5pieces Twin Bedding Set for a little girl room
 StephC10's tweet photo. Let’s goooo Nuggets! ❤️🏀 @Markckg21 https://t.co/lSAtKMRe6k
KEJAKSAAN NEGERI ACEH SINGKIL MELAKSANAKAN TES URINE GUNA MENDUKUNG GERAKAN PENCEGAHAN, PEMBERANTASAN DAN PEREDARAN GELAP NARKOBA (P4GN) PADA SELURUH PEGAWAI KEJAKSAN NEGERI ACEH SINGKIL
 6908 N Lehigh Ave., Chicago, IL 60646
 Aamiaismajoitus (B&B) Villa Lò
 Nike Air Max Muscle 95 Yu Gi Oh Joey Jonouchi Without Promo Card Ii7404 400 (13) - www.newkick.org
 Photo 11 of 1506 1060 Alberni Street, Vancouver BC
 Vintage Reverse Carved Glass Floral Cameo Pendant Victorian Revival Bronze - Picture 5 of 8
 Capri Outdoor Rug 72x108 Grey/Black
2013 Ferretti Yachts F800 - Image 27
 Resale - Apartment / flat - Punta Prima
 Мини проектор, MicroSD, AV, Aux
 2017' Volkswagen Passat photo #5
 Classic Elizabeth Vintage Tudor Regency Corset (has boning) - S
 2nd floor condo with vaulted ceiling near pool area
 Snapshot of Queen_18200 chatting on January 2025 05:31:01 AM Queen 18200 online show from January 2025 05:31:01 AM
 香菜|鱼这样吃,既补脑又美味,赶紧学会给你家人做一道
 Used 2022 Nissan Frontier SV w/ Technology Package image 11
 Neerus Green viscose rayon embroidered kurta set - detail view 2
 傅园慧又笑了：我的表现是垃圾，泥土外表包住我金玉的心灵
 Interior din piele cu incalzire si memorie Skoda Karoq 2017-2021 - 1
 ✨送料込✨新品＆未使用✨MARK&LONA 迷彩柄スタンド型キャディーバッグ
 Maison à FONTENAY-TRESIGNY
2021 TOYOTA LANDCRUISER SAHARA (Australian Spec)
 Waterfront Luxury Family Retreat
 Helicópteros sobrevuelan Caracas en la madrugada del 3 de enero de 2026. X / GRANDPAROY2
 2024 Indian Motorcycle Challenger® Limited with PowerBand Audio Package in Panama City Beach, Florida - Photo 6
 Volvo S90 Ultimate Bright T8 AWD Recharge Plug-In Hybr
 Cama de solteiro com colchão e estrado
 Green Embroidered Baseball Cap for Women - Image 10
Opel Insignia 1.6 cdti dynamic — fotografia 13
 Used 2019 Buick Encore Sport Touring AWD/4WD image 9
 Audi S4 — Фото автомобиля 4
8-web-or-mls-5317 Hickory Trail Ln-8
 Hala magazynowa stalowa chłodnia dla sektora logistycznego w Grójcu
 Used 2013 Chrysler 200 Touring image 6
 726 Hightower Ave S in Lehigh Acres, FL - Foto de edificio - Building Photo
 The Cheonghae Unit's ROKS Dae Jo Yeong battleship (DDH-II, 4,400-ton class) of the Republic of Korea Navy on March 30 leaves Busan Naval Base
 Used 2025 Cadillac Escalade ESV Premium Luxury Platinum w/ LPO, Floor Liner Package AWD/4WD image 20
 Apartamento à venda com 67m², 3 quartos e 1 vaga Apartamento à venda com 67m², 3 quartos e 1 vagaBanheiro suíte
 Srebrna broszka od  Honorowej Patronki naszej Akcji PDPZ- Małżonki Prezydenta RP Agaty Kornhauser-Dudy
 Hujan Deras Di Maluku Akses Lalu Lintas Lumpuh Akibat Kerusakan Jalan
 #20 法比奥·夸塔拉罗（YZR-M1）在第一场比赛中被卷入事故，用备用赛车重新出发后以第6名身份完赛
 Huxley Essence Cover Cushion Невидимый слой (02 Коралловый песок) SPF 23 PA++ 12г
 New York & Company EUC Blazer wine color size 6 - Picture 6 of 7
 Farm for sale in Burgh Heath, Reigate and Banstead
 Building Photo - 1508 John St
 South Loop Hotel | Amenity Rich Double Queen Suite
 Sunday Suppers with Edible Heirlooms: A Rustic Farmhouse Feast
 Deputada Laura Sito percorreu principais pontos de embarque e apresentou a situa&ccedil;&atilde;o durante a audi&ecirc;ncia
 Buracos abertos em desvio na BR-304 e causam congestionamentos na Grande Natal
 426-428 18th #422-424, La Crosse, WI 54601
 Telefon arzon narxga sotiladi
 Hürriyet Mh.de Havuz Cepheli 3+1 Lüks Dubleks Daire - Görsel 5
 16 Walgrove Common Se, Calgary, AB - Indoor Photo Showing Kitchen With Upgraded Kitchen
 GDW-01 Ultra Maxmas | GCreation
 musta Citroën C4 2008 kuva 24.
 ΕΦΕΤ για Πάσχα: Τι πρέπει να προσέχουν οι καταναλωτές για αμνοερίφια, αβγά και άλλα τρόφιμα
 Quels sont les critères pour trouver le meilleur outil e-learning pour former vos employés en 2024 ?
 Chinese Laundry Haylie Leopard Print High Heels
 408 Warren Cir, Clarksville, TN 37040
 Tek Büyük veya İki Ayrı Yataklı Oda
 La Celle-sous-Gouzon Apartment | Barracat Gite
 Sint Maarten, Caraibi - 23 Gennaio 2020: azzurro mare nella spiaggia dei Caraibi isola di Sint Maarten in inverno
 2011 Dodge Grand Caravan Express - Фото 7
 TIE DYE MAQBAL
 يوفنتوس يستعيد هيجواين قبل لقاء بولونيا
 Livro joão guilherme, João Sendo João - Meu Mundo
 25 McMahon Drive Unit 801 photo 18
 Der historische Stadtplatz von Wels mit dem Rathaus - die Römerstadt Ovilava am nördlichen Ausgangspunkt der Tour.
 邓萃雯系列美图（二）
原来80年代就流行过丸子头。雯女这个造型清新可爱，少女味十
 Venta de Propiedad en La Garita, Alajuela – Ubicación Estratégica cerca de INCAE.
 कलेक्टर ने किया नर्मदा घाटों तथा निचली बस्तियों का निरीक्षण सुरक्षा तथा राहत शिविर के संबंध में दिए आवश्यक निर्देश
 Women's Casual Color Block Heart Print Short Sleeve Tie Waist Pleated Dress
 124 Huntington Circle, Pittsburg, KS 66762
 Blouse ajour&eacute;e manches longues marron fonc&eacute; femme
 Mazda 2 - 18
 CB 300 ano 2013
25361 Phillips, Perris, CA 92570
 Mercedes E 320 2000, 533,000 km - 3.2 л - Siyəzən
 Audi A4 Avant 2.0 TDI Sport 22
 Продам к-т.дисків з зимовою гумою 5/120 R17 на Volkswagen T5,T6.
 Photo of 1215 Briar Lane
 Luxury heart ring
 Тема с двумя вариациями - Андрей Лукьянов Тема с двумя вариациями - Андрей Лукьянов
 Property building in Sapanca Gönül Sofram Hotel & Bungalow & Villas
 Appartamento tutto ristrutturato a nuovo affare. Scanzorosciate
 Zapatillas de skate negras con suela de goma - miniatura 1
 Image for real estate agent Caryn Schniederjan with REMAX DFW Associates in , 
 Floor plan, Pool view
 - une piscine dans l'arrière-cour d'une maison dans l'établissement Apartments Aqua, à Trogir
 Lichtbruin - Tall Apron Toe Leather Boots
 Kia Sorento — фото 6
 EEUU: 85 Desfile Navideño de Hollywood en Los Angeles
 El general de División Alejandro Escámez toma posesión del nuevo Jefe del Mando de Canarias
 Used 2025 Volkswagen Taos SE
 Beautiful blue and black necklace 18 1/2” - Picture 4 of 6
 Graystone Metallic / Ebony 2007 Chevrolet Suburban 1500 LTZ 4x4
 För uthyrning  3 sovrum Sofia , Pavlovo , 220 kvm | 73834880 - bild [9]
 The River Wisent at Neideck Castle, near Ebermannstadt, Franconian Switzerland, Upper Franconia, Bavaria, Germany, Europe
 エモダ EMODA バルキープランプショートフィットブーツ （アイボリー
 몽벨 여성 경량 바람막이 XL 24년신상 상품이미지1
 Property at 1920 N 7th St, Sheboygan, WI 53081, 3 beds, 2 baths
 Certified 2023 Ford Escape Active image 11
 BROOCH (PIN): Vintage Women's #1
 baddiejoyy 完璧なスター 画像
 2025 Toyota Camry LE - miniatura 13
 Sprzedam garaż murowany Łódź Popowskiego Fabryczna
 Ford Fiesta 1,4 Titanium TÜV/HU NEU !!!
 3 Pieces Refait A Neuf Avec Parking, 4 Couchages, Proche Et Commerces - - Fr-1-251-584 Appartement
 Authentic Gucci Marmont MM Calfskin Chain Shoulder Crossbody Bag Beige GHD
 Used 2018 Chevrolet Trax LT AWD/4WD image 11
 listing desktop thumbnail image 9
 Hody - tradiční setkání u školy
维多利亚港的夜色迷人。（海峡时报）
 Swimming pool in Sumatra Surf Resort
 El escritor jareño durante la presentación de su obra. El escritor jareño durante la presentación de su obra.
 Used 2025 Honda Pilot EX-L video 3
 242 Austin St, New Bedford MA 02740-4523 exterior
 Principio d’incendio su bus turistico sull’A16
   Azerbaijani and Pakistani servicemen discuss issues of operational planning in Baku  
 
________________________________________
*WHAT THE EXERCISE ASKS*
Return a word-for-word copy of the lines above from the one holding "Mazda 2 - 18" through the one holding "- une piscine", with both of them included and nothing besides.

*OUTPUT FOR THIS TASK*
 Mazda 2 - 18
 CB 300 ano 2013
25361 Phillips, Perris, CA 92570
 Mercedes E 320 2000, 533,000 km - 3.2 л - Siyəzən
 Audi A4 Avant 2.0 TDI Sport 22
 Продам к-т.дисків з зимовою гумою 5/120 R17 на Volkswagen T5,T6.
 Photo of 1215 Briar Lane
 Luxury heart ring
 Тема с двумя вариациями - Андрей Лукьянов Тема с двумя вариациями - Андрей Лукьянов
 Property building in Sapanca Gönül Sofram Hotel & Bungalow & Villas
 Appartamento tutto ristrutturato a nuovo affare. Scanzorosciate
 Zapatillas de skate negras con suela de goma - miniatura 1
 Image for real estate agent Caryn Schniederjan with REMAX DFW Associates in , 
 Floor plan, Pool view
 - une piscine dans l'arrière-cour d'une maison dans l'établissement Apartments Aqua, à Trogir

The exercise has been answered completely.